* [Your objective]:
Copy each line below that contains "Renault".

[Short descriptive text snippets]
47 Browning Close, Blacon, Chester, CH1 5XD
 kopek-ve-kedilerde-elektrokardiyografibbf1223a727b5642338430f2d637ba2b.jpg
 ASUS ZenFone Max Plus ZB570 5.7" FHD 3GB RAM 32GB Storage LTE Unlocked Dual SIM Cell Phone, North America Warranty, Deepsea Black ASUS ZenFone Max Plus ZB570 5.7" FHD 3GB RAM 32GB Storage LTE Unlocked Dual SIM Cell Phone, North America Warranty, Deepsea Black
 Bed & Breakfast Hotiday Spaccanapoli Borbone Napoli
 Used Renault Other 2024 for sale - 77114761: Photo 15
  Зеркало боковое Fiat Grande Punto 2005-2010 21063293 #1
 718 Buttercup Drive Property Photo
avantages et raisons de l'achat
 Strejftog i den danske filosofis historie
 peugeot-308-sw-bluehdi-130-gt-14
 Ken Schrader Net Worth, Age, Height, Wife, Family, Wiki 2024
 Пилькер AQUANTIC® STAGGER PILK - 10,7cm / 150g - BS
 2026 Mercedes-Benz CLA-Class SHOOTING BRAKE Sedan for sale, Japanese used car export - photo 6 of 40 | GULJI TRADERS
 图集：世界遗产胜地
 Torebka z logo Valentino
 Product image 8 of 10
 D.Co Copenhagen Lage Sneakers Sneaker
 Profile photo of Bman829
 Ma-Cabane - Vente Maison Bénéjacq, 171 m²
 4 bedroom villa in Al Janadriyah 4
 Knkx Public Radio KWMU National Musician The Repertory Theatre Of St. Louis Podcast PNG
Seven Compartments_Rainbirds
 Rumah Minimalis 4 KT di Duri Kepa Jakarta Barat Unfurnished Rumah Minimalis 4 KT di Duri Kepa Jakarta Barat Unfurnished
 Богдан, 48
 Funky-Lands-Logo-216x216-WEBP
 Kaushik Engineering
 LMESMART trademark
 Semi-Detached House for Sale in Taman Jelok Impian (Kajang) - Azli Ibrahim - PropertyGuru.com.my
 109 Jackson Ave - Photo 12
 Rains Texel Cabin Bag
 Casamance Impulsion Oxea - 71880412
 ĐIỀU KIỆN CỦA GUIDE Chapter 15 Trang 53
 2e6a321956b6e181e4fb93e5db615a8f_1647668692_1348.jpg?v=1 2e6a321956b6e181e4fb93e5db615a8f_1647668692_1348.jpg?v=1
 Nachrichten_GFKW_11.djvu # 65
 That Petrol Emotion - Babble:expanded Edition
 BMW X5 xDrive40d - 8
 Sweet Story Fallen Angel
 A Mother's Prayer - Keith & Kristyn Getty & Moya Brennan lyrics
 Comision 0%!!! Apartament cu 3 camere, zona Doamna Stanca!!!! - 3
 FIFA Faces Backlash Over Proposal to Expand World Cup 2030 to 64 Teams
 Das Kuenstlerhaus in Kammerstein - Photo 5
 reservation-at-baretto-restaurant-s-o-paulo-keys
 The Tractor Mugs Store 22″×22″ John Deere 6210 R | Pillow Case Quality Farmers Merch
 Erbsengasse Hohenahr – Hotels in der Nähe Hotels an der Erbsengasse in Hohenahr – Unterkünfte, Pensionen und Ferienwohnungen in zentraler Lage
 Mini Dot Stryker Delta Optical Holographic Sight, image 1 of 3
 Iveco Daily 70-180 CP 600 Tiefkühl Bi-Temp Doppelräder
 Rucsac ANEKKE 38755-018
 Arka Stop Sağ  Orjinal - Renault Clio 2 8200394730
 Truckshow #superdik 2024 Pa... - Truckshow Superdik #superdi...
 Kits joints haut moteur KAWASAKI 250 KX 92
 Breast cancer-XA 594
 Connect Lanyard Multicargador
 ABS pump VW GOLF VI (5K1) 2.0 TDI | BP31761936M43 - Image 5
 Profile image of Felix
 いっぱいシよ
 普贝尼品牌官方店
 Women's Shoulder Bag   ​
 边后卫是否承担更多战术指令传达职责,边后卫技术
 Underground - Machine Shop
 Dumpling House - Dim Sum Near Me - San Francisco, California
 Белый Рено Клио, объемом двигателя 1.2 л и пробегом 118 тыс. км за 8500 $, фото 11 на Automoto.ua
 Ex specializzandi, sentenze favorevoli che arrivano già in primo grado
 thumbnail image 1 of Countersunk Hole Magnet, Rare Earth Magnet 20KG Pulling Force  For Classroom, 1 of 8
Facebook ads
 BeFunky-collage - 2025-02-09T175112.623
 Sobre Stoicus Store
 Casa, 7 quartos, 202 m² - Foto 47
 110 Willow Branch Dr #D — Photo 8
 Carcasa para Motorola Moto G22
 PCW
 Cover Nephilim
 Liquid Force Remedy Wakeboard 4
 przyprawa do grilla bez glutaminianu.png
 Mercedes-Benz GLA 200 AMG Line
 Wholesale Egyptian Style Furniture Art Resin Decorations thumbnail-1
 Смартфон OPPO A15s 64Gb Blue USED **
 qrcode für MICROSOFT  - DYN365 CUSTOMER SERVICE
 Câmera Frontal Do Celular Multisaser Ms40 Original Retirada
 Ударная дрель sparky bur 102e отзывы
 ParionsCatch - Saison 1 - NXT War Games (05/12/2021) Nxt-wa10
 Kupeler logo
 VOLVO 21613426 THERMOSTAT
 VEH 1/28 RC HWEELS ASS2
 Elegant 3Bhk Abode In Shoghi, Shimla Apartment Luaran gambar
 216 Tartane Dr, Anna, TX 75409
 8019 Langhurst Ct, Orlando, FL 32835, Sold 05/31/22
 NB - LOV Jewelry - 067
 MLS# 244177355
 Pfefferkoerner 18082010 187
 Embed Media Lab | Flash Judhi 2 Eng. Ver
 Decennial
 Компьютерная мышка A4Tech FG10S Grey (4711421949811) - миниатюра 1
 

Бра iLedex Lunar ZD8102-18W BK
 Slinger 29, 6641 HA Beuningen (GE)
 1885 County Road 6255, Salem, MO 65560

* [Result of this task]:
 Used Renault Other 2024 for sale - 77114761: Photo 15
 Arka Stop Sağ  Orjinal - Renault Clio 2 8200394730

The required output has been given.